Task description
The result should be the listing below, restated exactly, with its pictures left out.

Data extract
Start of Block

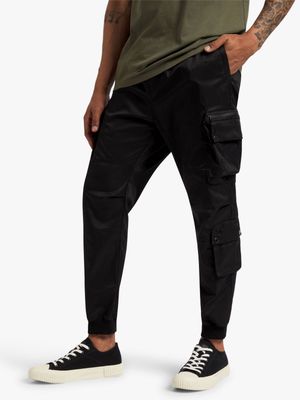 Men's Markham Technical Multi Cargo Black Jogger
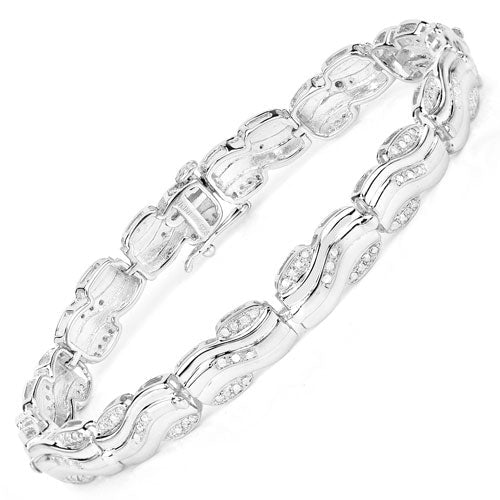0.84 Carat Genuine White Diamond Sterling Silver Bracelet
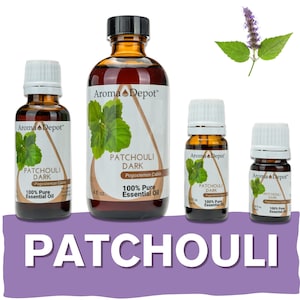 Patchouli Essential Oil (Dark) 100% Pure Natural Therapeutic Grade, Pogostemon cablin, Aromatherapy, Skin, Candle Making & Diffuser. Bulk
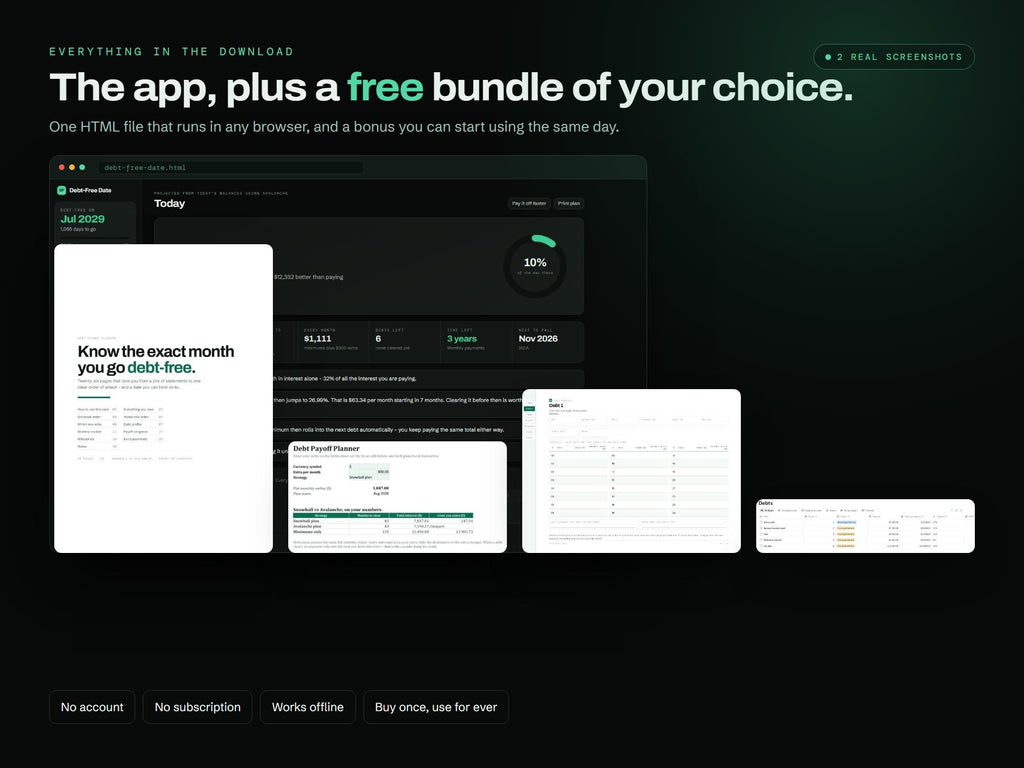 Debt Payoff Tracker App, Snowball Avalanche Planner (Digital Download)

End of Block

Answer for this exercise
 Men's Markham Technical Multi Cargo Black Jogger
0.84 Carat Genuine White Diamond Sterling Silver Bracelet
 Patchouli Essential Oil (Dark) 100% Pure Natural Therapeutic Grade, Pogostemon cablin, Aromatherapy, Skin, Candle Making & Diffuser. Bulk
 Debt Payoff Tracker App, Snowball Avalanche Planner (Digital Download)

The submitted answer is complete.